As it grew darker, we became more scary - we knew this because small children started to jump and squeal when they saw a huge spider emerge from the pumpkin lit corner. In spite of this, they started to ask for hugs. I had somehow developed a Transylvannian accent - possibly thanks to Igor earlier on in the week. The children couldn't see our faces, hands, feet, every part of us that wasn't costume was covered in black cloth or mesh. Yet still, one kid came straight up to Jo's fly and said,
'You're Griselda,' - Jo's witch in the Halloween Howl.
One little girl was scarier than us. She arrived with a bat drawn on her face and she told Jo that she liked flies but didn't like spiders.
'Are you scared of spiders?' asked Jo,
'I'm afraid of my dad,' she said,
'Oh,' said Jo, taken aback,
'I'm afraid of him all the time,' said the little girl with mum standing by watching placidly. Bat-face girl turned into a stalker, she kept coming back and threatening to kill me if I ate Jo. She became a bloody nuisance.
At one point while we were performing our little ad lib, it seemed as though someone had grabbed a floodlight and was pointing it straight at us. We could see less than when it was total darkness, but there seemed to be an unusually large crowd at this point so we kept on and on and on.
Later we were told that this had been the local news station. Gulp. Hope our ad lib hadn't gotten too bawdy but hey, there were kids present so most likely not.

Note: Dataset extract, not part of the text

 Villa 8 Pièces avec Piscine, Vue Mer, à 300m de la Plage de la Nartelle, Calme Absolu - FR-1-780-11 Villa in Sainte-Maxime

A man shoved a little boy towards me.
'Go and make friends with the spider,' he told the boy, 'you need to be aware of your Scottish roots.' Well good thing that no-one had brought the brandy I'd been whining for all evening, because I was able to still access my memory banks and trawl up what he was talking about. My Transylvannian had to become Scots as I reminded the boy about Robert the Bruce, inspired by a wee spider. Dad seemed impressed,
'Not many people know about that,' he said, yeah they do, I thought, if they're English they certainly do. No matter, I don't think it was a five foot six tarantula that helped Robert the Bruce defeat the English though it could probably have been fairly useful.

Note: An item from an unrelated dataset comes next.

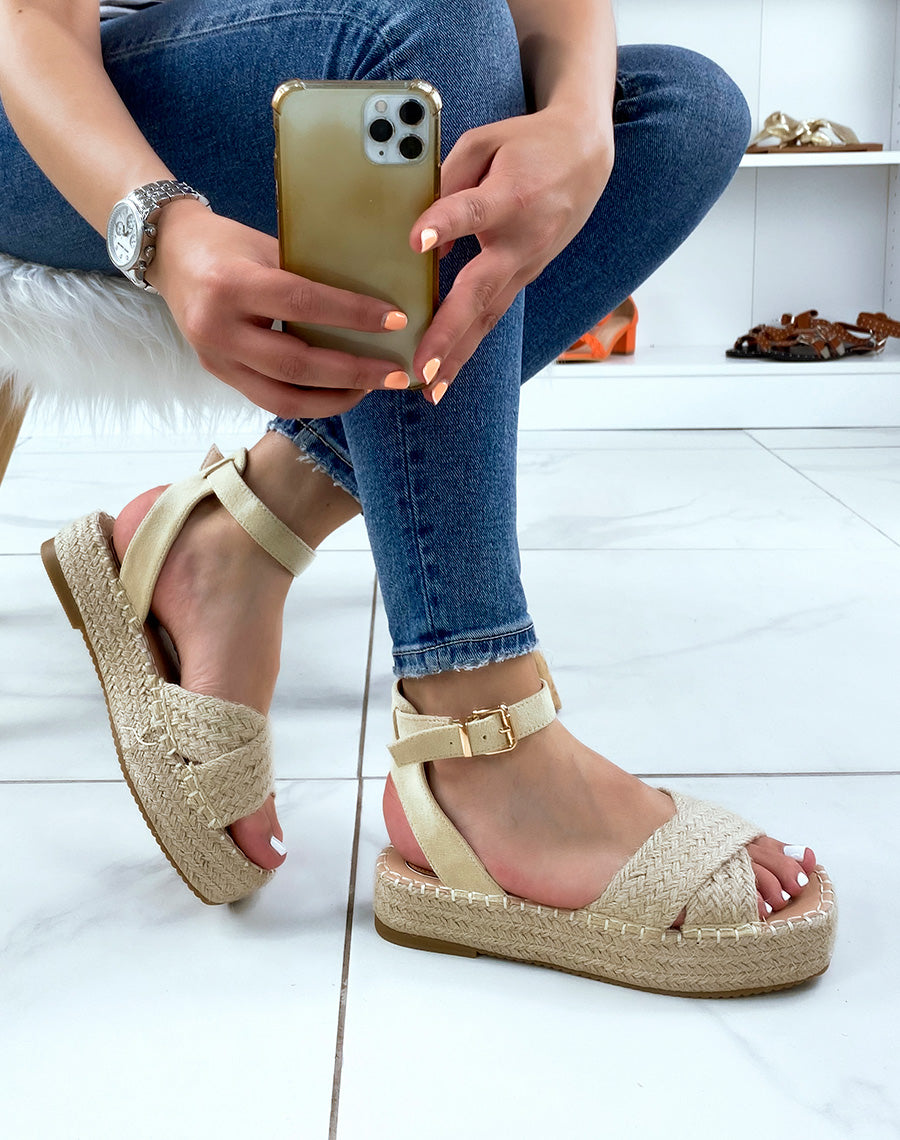 Sandales compensées beiges à bride croisées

Finally all the children had been scared, hugged and educated and we were able to get out of our costumes and head for a local hostelry.
Halloween is coming, Halloween is coming.
Nothing new under the sun
3 years ago
5 comments:
I'm scared just hearing about it.
I'm a bit worried about the little girl's fear of her father. Please go, go now and track her down. She was probably annoying because she hoped you would take her home with you (sob!)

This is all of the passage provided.